That gets us all the declarations we need to write a SPHinXsys-using application.
Next we import the SPH namespace,
which includes nearly all of the symbols used by SPHinXsys:
/**
* @brief Namespace cite here.
*/
using namespace SPH;
Now, we provide the parameters for geometric modeling.
/**
* @brief Basic geometry parameters.
*/
Real DL = 0.16; /**< Channel length. */
Real DH = 0.02; /**< Channel height. */
Real R = 0.02; /**< Sinus cavity radius. */
Real Leaflet_L = 0.024; /**< Leaflet length. */
Real Leaflet_T = 2.4e-3; /**< Leaflet thickness. */
Real N = 180; /**< Particle number for creating sinus cavity. */
Vec2d insert_circle_center(0.5 * DL, 0.5 * DH); /**< Location of the sinus cavity center. */
Real resolution_ref = Leaflet_T / 4.0; /**< Global reference resolution. */
Real DL_sponge = resolution_ref * 20.0; /**< Sponge region to impose inflow condition. */
Real BW = resolution_ref * 4.0; /**< Boundary width. */
Real Leaflet_base_length = BW; /**< Length of constrained leaflet. */
/** Domain bounds of the system. */
BoundingBox system_domain_bounds(Vec2d(-DL_sponge - BW, -0.5 * DH - BW),
Vec2d(DL + BW, 0.5 * DH + R + BW));
Here, particle_spacing_ref gives the reference initial particle spacing.
BW is the size (thickness) of a wall boundary, which is usually 4 times of particle spacing.

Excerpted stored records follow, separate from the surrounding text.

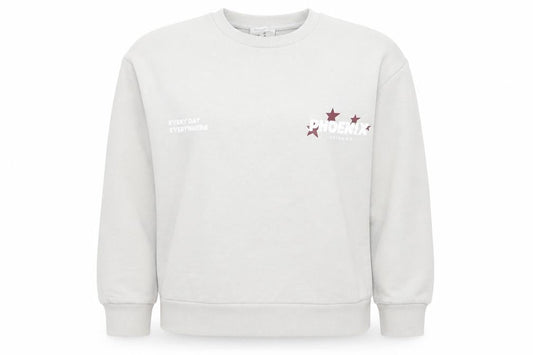 Stradivarius Women's Grey Phoenix Print Pullover Sweatshirt Size S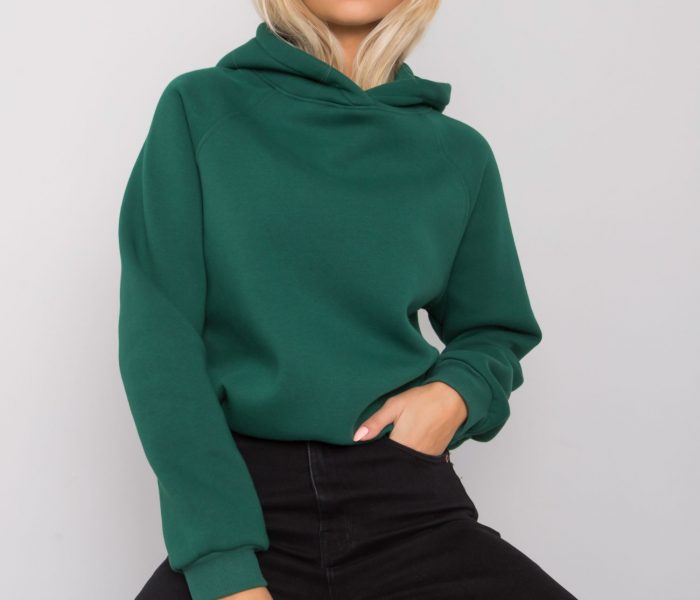 Hurtownia Ciemnozielona bluza dresowa Nicole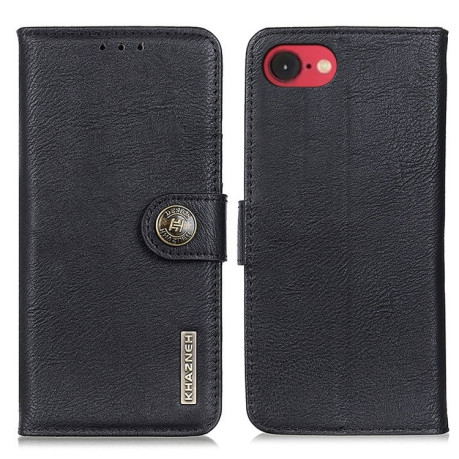 Чохол-книжка KHAZNEH Cowhide Texture на iPhone 16e - чорний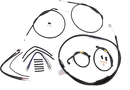 Burly Handlebar Cable and Brake Line Kit for Wide Glide Gorilla Handlebars - Hardcore Cycles Inc
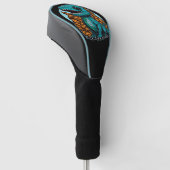 Cute Baby Dinosaur Golfheadcover (Schuin)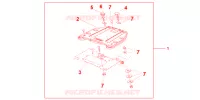 PLATINE DE TOP CASE pour Honda CBF 1000 F ABS de 2011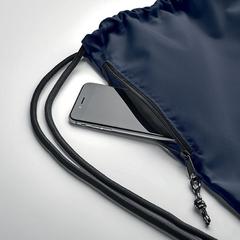 Vue Grand sac à cordon 300D RPET - Night de couleur bleu| Krokrodeal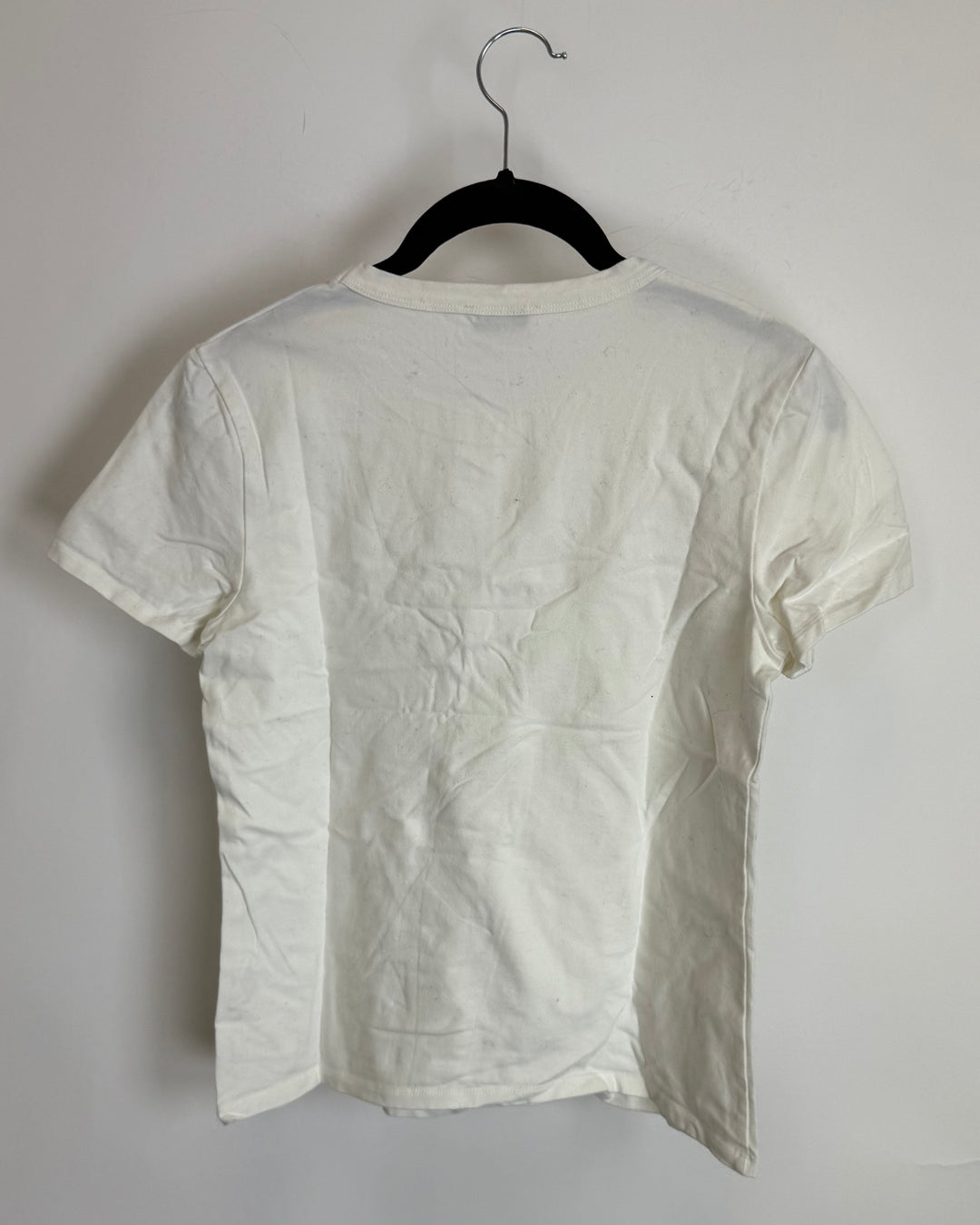 Short Sleeve White Tank Top - Size 2/4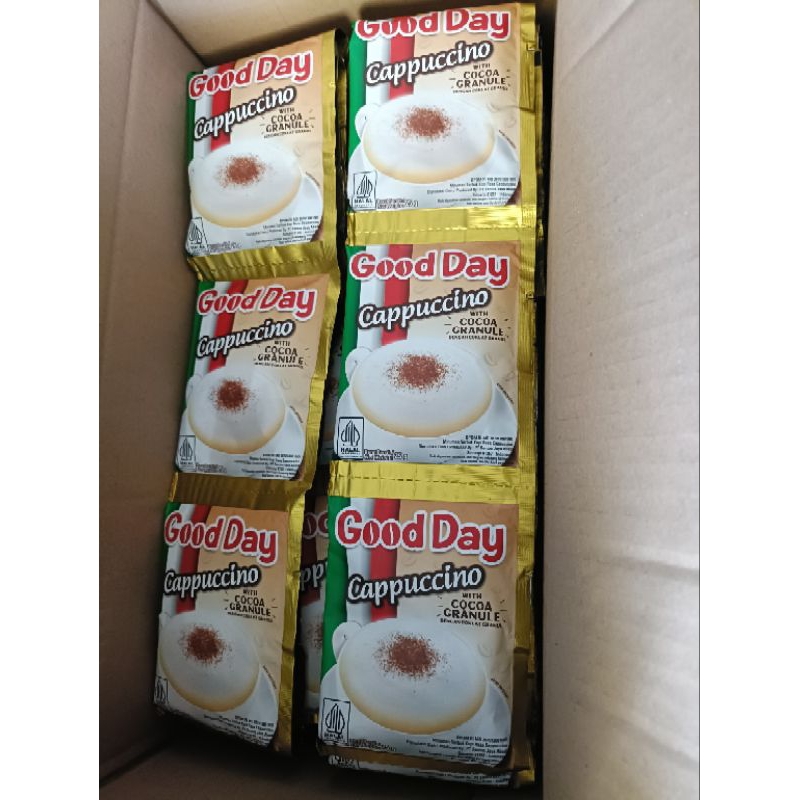 

Good day Cappucino 1 renceng (10bks)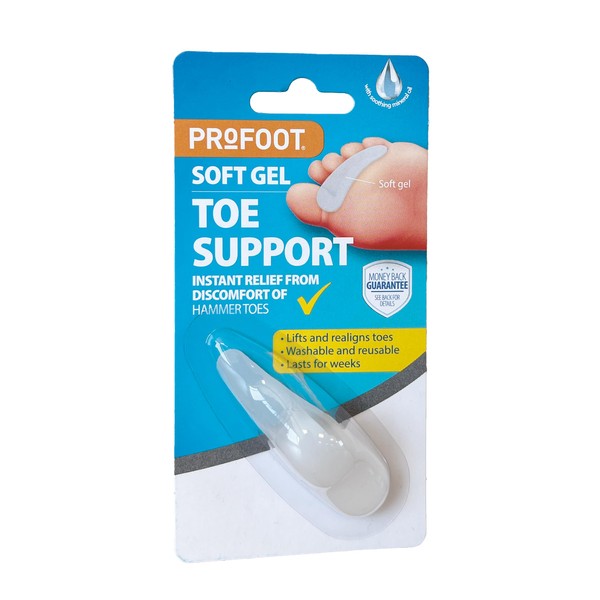 Profoot Toe Support -Cushions for Curled Toes and Hammer Toes Lifts and realigns - Pack of 2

DL_sponge is used to define the sponge region for imposing inflow condition.
We give the the coordinates of lower and upper bounds of the domain
in system_domain_bounds
which will be used as the bounds for a mesh used for building cell linked lists.
We also provide parameters for physical modeling, such as material properties of the fluid.
/**
* @brief Material properties of the fluid.
*/
Real rho0_f = 1.0e3; /**< Density. */
Real U_f = 0.13889; /**< Characteristic velocity. */
Real c_f = 10.0 * U_f; /**< Speed of sound. */
Real mu_f = 4.3e-3; /**< Dynamics viscosity. */
Real Re = rho0_f * U_f * DH / mu_f; /**< Reynolds number. */
/**
* @brief Material properties of the solid,
*/
Real rho0_s = 1.0e3; /**< Reference density.*/
Real poisson = 0.49; /**< Poisson ratio.*/
Real Youngs_modulus = 1.5e5; /**< Youngs Modulus. */
As we are using a weakly compressible model for imposing incompressibility, the maximum speed in the flow and artificial speed of sound are estimated. We also provide the material parameters of the solid.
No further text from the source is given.